In perhaps the most serious of the deviations from fair procurement, an evaluation committee only pre-qualified New GPC for the supply of drugs to the public health system. It had been well known that the PPP/C government was intent on favouring New GPC with billions in contracts so it tapered pre-qualification guidelines to ensure that only this company could be so qualified and this eventuated, notwithstanding the complaints of ANSA McAl and others. That single decision made a mockery of the entire public procurement regimen. There were many other poor decisions including the awarding of contracts for the laying of the fibre optic cable from Brazil which was so badly botched that there was hurried attempt by the PPP/C government to award a repair contract to Dax Engineering without any advertisement for bids.

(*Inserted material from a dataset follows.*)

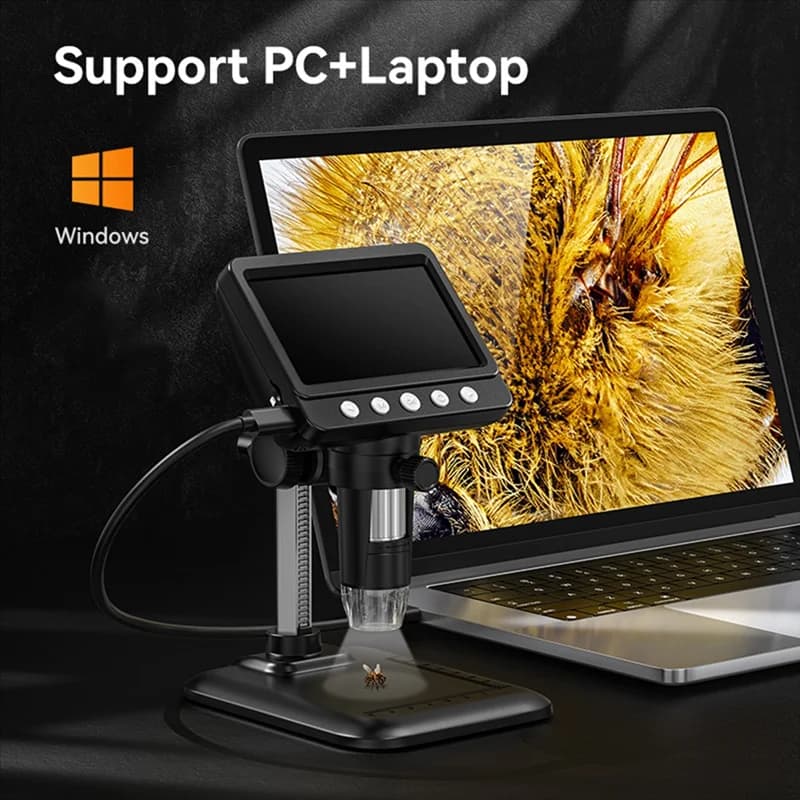 B50B-Microscopio digitale, microscopio USB LCD da 4,3 pollici, lente d'ingrandimento 1080P con 8 luci LED regolabili, visualizzazione PC, per adulti e bambini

On top of this, a significant number of contracts that passed through the procurement system saw cost overruns as evaluation committees often settled for the lowest bids without properly assessing whether they were realistic. Others like the hugely expensive Kato school in Region Nine and the Hope Bridge on the East Coast were so haphazardly supervised and constructed so as to become burdens on the public,  requiring costly repairs. Just as an aside, as it didn’t fall within the national procurement system but was nevertheless under the control of the PPP/C government, the choice of a Chinese contractor for the new US$110m Skeldon sugar factory has left the industry – and the country – with a huge liability which seven years later continues to drain resources. Someday, the bids for that factory project must be carefully re-examined to determine how such a botched decision came to be made.

So in as much as Mr Ramotar could boast of a procurement system it was far from complete, badly compromised and thoroughly unacceptable for a country with a huge public procurement sector.